When you index a document, it is stored in a primary shard. But how does Elasticsearch know which shard the document belongs to? When we create a new document, how does it know if it should be stored on Shard 1 or Shard 2.

The process of storing data to shards is a rule, not random, because we need to retrieve the document from the Shard in the future. The data stored procedure depends on the following formula:

Shard = hash (routing)% number_of_primary_shards

The routing value is an arbitrary string, which defaults to the ID of the document and can be set to a user-defined value. Routing this string is processed by a hash function and returns a numeric value, divided by the number of primary shards in the index number_of_primary_shards, the remainder as the primary shard number, usually 0 to Number_of_primary The remainder range between the _shards-1. This method calculates which shard the data is stored in.

This explains why the number of primary shards cannot be changed after the index is created: if the number of primary shards can be modified after creation, all previously obtained values will be invalidated, and previously stored documents may not be found.

All document APIs (GET, index, delete, bulk, update, and Mget) can accept a routing parameter to customize the mapping between the document and the Shard. A custom routing parameter can be used to ensure that all relevant documents-such as all documents belonging to the same user-are stored in the same shard. 2. How primary shards interact with replica shards

Suppose we have a cluster of three nodes. In the cluster there is an index called blog, with two primary shards (primary shards). Each primary shard has two replicas. Copies of the same node are not assigned to the same node, as shown in the following illustration:

We can send requests to any node in the cluster and each node has the ability to process our requests. Each node knows where any document in the cluster is stored, so the request can be forwarded directly to the desired node (every node knows the location of every document in the CLUSTER,SO can forward reques TS directly to the required node).

In the following example, we send the request to Node 1, which we call the coordination node (coordinating nodes). 2.1 Creating, indexing, and deleting documents

Create, index, and delete requests are write operations, so the write operation on the primary shard must be completed before it can be copied to the relevant replica shard (create, index, and delete requests is write operations, which must be suc Cessfully completed on the primary shard before they can is copied to any associated replica shards).

The interactive process is shown in the following figure:

The following are the steps necessary to successfully create, index, and delete documents on primary and replica shards: The client sends a new, indexed, or deleted document request to Node 1; Node 1 determines that the document should be stored in Shard 0 by requesting the ID value of the document, and that the primary shard of Shard 0 is P0 on the node 3 on. So node 1 forwards the request to node 3, and Node 3 executes the request on the primary shard. If the request executes successfully, node 3 forwards the request in parallel to the replica shard (R0) on Node 1 and Node 2. Once all replica shards have successfully executed the request, report success to Node 3 and node 3 to the Coordination node (node 1) for success, and the Coordination node reports success to the client.
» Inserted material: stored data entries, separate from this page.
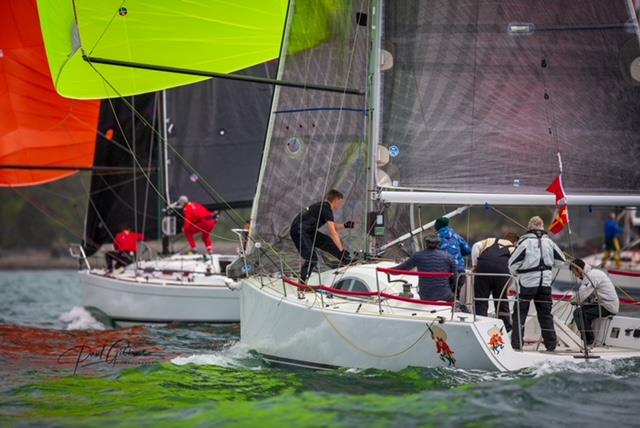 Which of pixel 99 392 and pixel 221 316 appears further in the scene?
pixel 221 316

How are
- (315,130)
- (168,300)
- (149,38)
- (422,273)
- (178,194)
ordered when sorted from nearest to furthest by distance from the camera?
1. (422,273)
2. (315,130)
3. (149,38)
4. (168,300)
5. (178,194)

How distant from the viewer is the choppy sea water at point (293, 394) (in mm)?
10570

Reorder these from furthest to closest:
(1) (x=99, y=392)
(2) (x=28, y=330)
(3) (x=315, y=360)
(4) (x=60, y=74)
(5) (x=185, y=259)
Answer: (5) (x=185, y=259) < (2) (x=28, y=330) < (4) (x=60, y=74) < (3) (x=315, y=360) < (1) (x=99, y=392)

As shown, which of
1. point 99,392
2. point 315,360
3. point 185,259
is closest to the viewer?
point 99,392

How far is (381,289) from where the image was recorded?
13.8 meters

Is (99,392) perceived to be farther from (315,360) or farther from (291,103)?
(291,103)

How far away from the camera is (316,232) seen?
48.0ft

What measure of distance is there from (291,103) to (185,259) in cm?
857

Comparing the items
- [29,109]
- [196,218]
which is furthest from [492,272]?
[29,109]

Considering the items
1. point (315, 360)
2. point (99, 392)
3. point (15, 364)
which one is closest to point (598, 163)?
point (315, 360)

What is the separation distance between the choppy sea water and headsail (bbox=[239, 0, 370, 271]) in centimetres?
177

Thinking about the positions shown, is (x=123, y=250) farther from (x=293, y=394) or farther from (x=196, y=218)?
(x=293, y=394)

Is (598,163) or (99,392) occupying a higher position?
(598,163)

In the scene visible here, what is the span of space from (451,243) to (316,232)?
5.36 ft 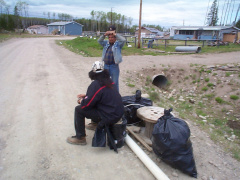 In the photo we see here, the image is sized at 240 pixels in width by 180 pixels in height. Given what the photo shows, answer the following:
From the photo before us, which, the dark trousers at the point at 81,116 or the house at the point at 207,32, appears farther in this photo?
the house at the point at 207,32

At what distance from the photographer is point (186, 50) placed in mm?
16938

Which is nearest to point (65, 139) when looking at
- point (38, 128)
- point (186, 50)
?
point (38, 128)

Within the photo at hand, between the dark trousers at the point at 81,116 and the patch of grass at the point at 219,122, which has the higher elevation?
the dark trousers at the point at 81,116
When the client receives a successful response, the document change is already performed on the primary shard and all replica shards, and the change is secure.
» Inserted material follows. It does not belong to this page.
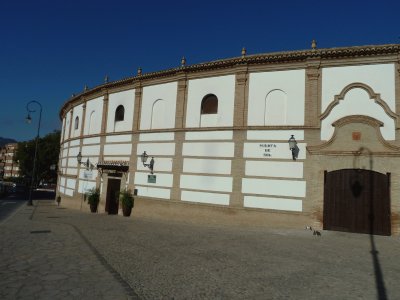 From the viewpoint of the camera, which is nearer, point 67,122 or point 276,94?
point 276,94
There are optional request parameters that allow you to influence this process and may improve performance at the expense of data security. These options are rarely used because elasticsearch is fast, but for completeness, it is explained here: 2.1.1 Consistency

By default, the primary shard requires a specified quantity (quorum) or a majority (majority) of the Shard copy shard copies (where the Shard copy can be a primary shard or replica shard a shard copy could be a primary or a re) before the write operation is attempted. Plica shard). This is to prevent the "wrong side of wrong side" from writing data to the network partition. The prescribed quantity quorum is defined as follows:

Int ((primary + Number_of_replicas)/2) + 1

The consistency consistency value can be one (only the primary shard), all (the primary shard and all replicas), or the default value quorum, or most of the Shard copies (the allowed values for consistency is (just The primary shard), all (the primary and all replicas), or the default quorum, or majority, of shard copies.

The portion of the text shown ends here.